Si, assolutamente sì. Perché sono l’artista, l’estrosa, la femminista, la madre separata di un figlio… diverse volte non sono rientrata nei canoni prestabiliti ma non sempre ho avuto la forza per difendermi. Ci sono state delle volte, soprattutto quand’ero più piccola, in cui non avevo gli strumenti per farlo e ne ho sofferto anche molto. Adesso, invece, più vado avanti nella mia vita, più sono consapevole delle mie scelte e del mio modo di vedere la vita: ciò che dicono gli altri non mi interessa (a meno che non sia il pensiero di una persona che stimo), non ho più intenzione di farmi dire cosa fare o essere e cosa no dagli altri.
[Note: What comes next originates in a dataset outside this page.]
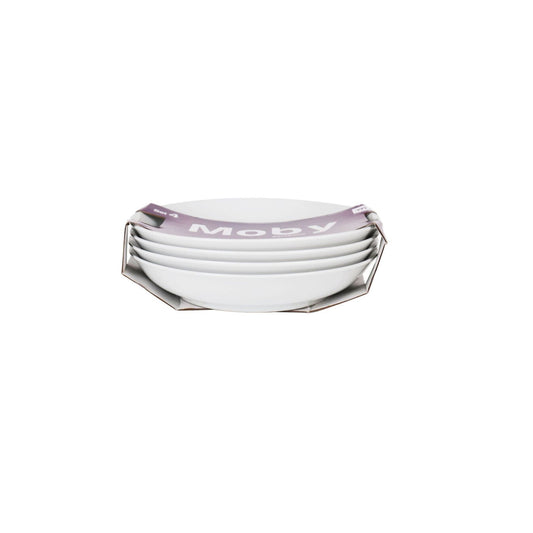 Moby 21x4cm Bowl White Porcelain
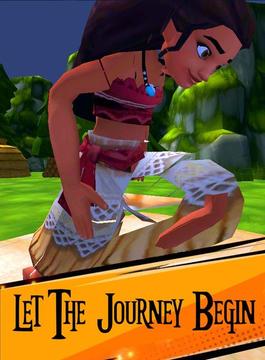 Princess Moana Run Adventure游戲截圖3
Quella là nella canzone è “per forza di sinistra, odia i maschi, non si cura, la ceretta non fa”… ma è solo così?

No, quella là può anche essere di destra, amare i maschi, lavarsi e così via. Nel caso della canzone, era chiaramente un omaggio se vogliamo al podcast che stavo ascoltando e un modo per mettere di fronte il pubblico alla rozzezza di certi cliché imbarazzanti che ogni tanto emergono anche dalle interviste a determinati esponenti politici, in grado di dirne di ogni quando si pone loro una domanda un po’ più approfondita. Quando si va sul dettaglio, non sanno nemmeno di cosa parlano: basta sentire come rispondono a domande sul femminismo o sull’omosessualità, ad esempio.

Ed è raccapricciante: per avere una posizione, bisognerebbe prima documentarsi, studiare, leggere dei libri e farsi un’idea. Trovo imbarazzanti le prese di posizione senza conoscenza dell’argomento, restituiscono un’immagine che non corrisponde più al vero e che sembra essere ferma nel tempo.

Quella là è ovviamente una canzone che può estendersi a chiunque si senta additato o “brucerà all’inferno”, come la figlia con due madri o chi ha la propensione all’orgia. Siamo nel 2023 quanta strada si deve ancora percorrere affinché non esistano più quella o quello là?

Temo che ce ne sia ancora tanta da fare. Un po’ perché tutti, me compresa (non mi voglio togliere dal coro delle comari), abbiamo la tendenza al giudizio: si fa presto a indicar senza sapere dall’altra parte chi c’è, cosa vive, da dove arriva o cosa è successo. Ci sono state tante volte nella mia vita in cui sono stata giudicante o approssimativa ma dobbiamo pensare di non poter applicare il nostro metro a chi ha tutt’altra storia diversa dalla nostra. È purtroppo una tentazione umana quella di erigere il proprio punto di vista a totalizzante.

E un po’ perché viviamo in una società che presenta una profonda spaccatura tra ciò che si vuole e ciò che è reale: non si può incontrare Elon Musk e riservagli tutti gli onori del caso quando si è contro l’utero in affitto. Perché lo si fa? Solo perché è eterosessuale e quindi per lui il ricordo a quella pratica va bene mentre per chi ha un’identità di genere diversa no? Trovo che sia un atteggiamento da ipocrita, oltre che imbarazzante e incostituzionale.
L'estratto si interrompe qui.